In the headquarters environment, when remote users complain about poor performance or VoIP quality, network engineers must be able to determine the root cause of the problem and correct it quickly. Remote office network outages and slowdowns are made far more difficult to solve because of the challenges presented by distance, travel time and the need for tools that may not necessarily be available at the remote location. Organising the necessary tools and dispatching staff to remote locations for troubleshooting is both time-consuming and expensive, and the time spent contributes to delays or stoppages in critical work.
With the right information and tools, technicians can understand and resolve issues quickly and efficiently. Adding the appropriate level of visibility, technicians could even identify remote network degradations before they become significant problems at that site. This strategy means proactive action can be taken to eliminate congestion, latency and other problems that could affect remote users and interfere with operations. Additionally, the ability to resolve problems from the headquarters site avoids the need to dispatch staff, resulting in time and travel expense savings, increased network availability, more time for mission-critical projects and fewer delays.
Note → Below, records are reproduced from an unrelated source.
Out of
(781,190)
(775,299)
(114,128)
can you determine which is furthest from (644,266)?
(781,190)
Best practices for remote site troubleshooting: baselining, assessment and documentation
To gain efficiency later on, a proactive first step must be taken to establish a baseline of the existing remote site network, so that network engineers know what they are dealing with. The first task is a comprehensive discovery and documentation of the remote site network. This entails not only what kind of equipment exists but also identifies the users and how and where they are connected to the network.
Discovery must include information on hardware inventory, servers, access points, switch and router configurations, and network connection paths. Updated maps are an essential element of ‘knowing’ the remote site and are needed for reference when future problems emerge.
The next necessary step is to understand what normal traffic levels are at the remote site. This provides a reference to work from when determining abnormal activity and compare against when validating problems in the future. Technicians must evaluate current network performance, including traffic patterns with protocol and application usage, bandwidth use, internet/WAN connectivity performance and potential network vulnerabilities.
Next steps: proactive, reactive and maintenance tasks
Proactive tasks
Once up-to-date network configuration diagrams are available and traffic levels and performance have been baselined, it is necessary to automatically alert headquarters staff when overall traffic levels or individual critical switch port traffic has exceeded what are considered to be normal levels.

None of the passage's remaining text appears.